Blazicko, during the war in Croatia, as a sports journalist became the news program editor for state-run Croatian Television, and is now the director of the private Nova TV.

 

This duo unfailingly pours foaming beer into the football story – Blazevic does this both in the regular advertisement program and in what should be called the sports news program. This duo is so successful and suggestive that after the Croatian team’s first match in Portugal, played against Switzerland, it induced Croatian Minister of Science, Education and Sport Dragan Primorac to raise his glass high in honor of the beer in question, probably as a message both to school kids and to athletes (After Primorac, the program hosted some other politicians with a glass of beer in their hand, but they did not appear as shocking as the youngest member of the Croatian Government, in light of the proximity of alcohol in their everyday lives).

 

There are – even beyond journalism – quite a lot of sad elements in this story, but the saddest ones are not Blazicko who is compromising the profession in the race for profits, nor Blazevic who ran into the profession considering it to be as muddy as the football one, nor the minister who can easily be dribbled past; the saddest thing is that no one from the profession ran out and told the boys, the half-journalists, half-football players, half-beer drinkers, in clear language that they cannot at the same time pose as journalists and naked propagandists, and that this is inadmissible under the code of journalism.

 

Of course it would be pretentious to expect this in a society of upturned values.
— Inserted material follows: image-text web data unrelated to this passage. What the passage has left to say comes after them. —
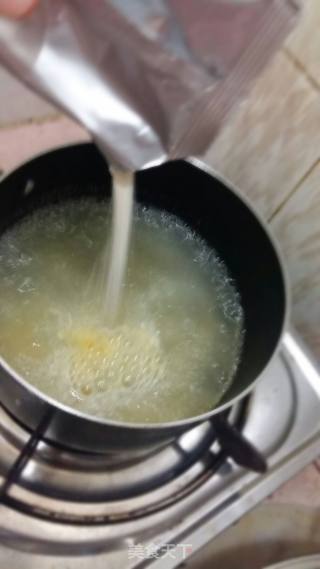 芒果布丁的做法步骤：3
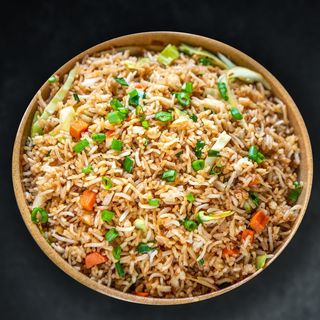 Vegetable Fried Rice (G-VO)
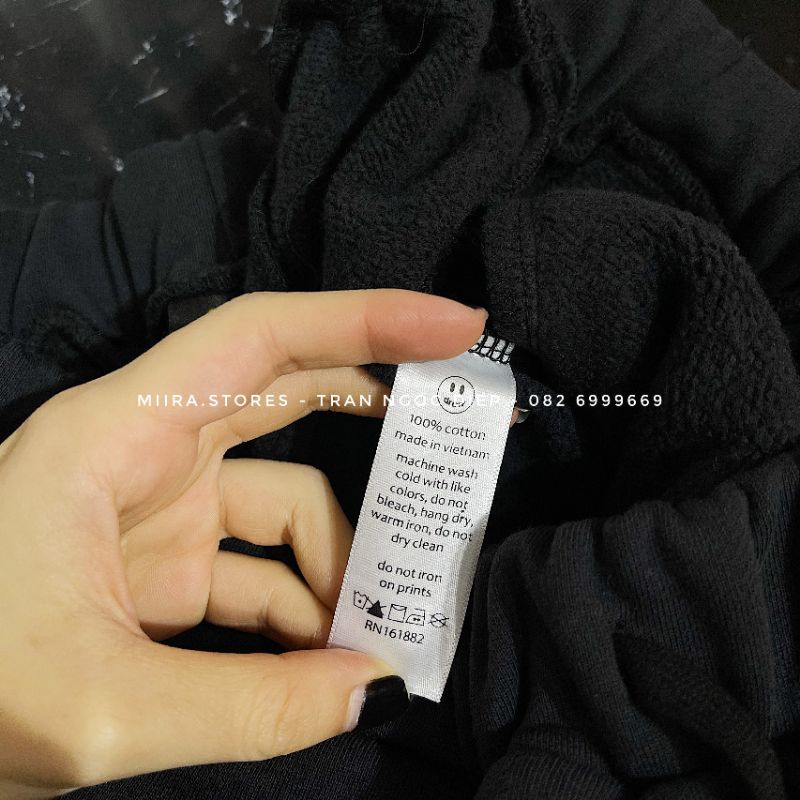 SECRET SWEAT PANTS DESCRIPTION - Quần nỉ jogger in chữ Drew - Drew House BEST QUALITY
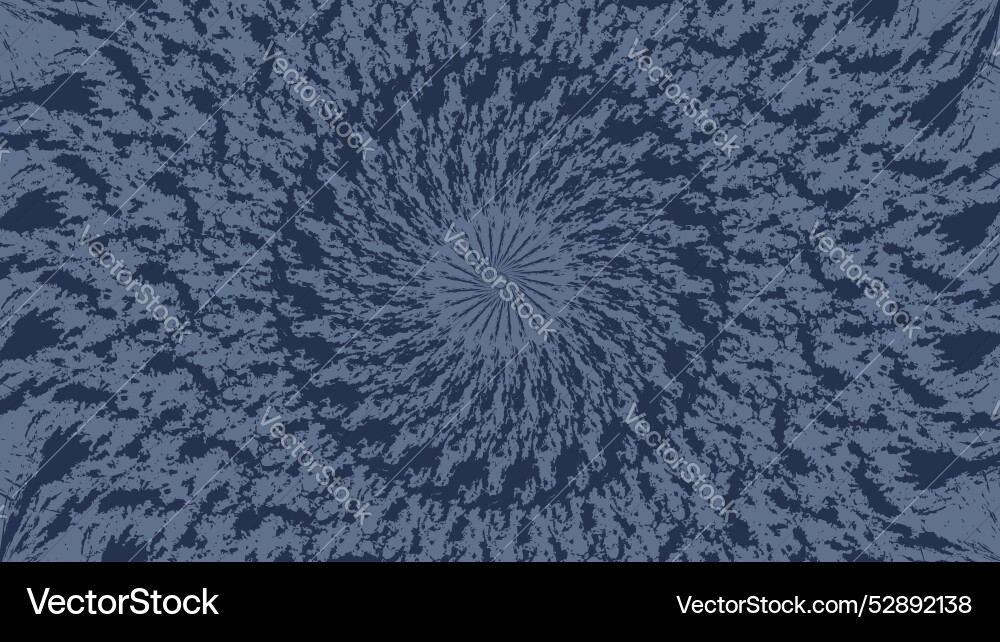 Distorted dark concentric circle elements Vector Image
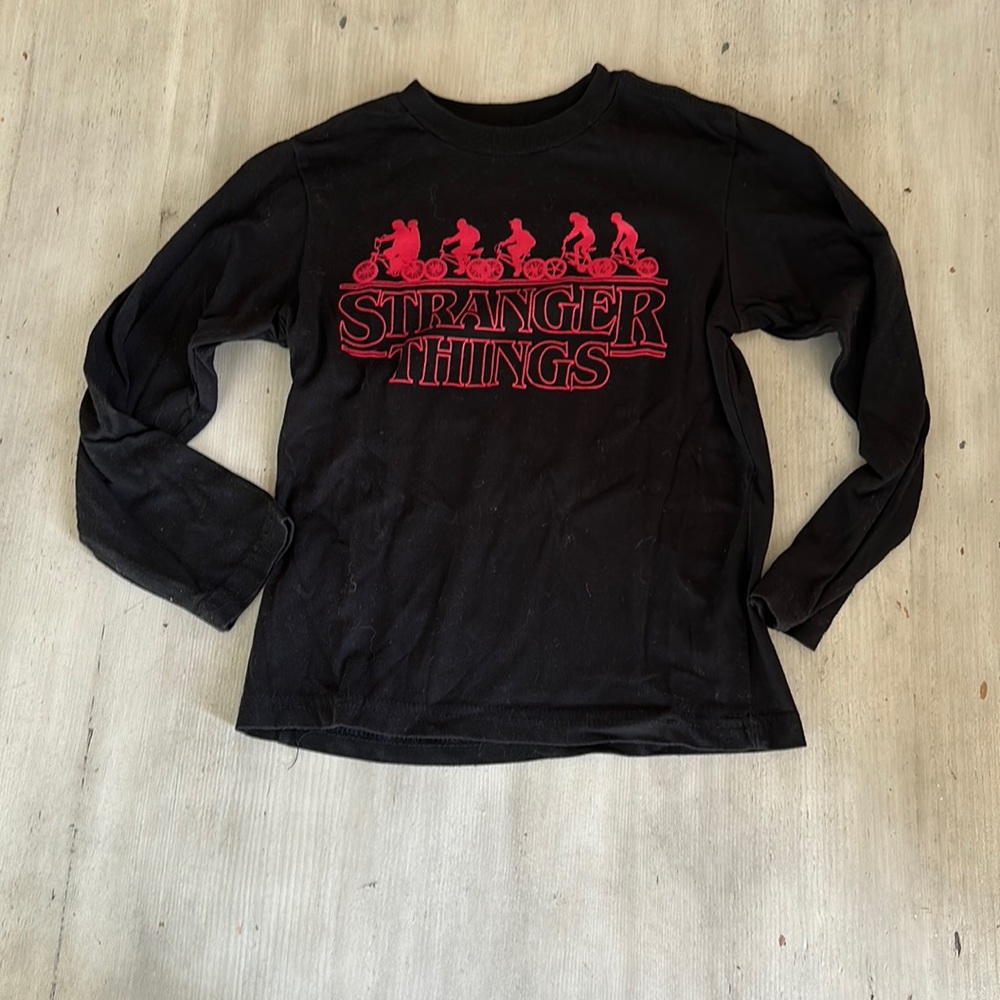 Stranger Things long T-shirt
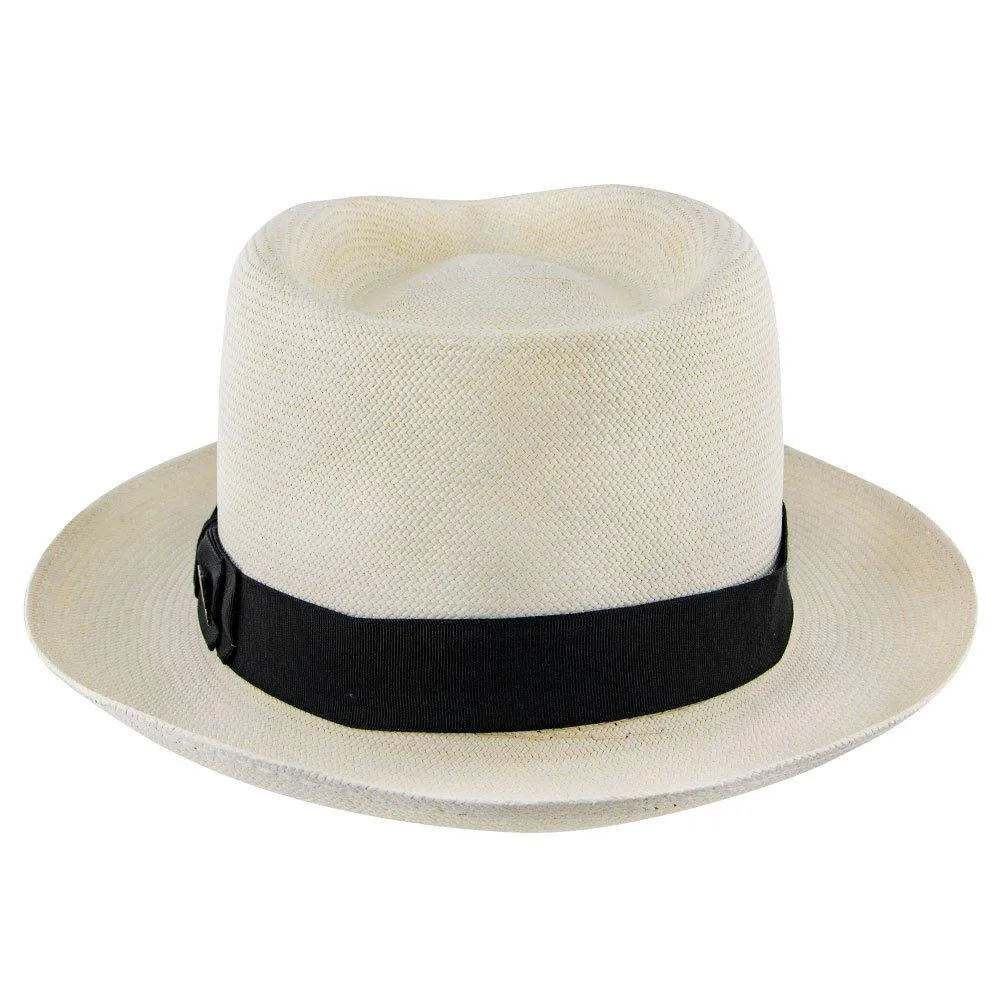 Benchmark 150th - Stetson Grade 20 Panama Fedora Hat - TSBNCM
The HND leadership, as well as the Croatian Ministry of Culture, find it easier to raise their voice to condemn news broadcast on the Index.hr portal that the show business star Severina’s private and harmless porno film had leaked on the Internet, which they accompanied by several of her almost innocent screenshots, than to get it up at prostitution on the far more powerful television medium.

 

“Publication of these photographs constitutes a violation of the law and one of the gravest forms of violation of professional principles and ethics,” thundered Dragutin Lucic, HND President, in Severina’s protection, while in the Blazevic and Blazicko case, the tone was lowered and the words softened: “Certain ‘journalists,’ even editors, and hosts directly, or indirectly, are advertising sponsors or products, which is outright inadmissible.”

 

What is the difference? The former phenomenon is scandalizing because it is out of the ordinary, but the latter does not cause shock – because it has become customary. Typical of a conservative society: Public condemnation of pornography and tacit tolerance of prostitution.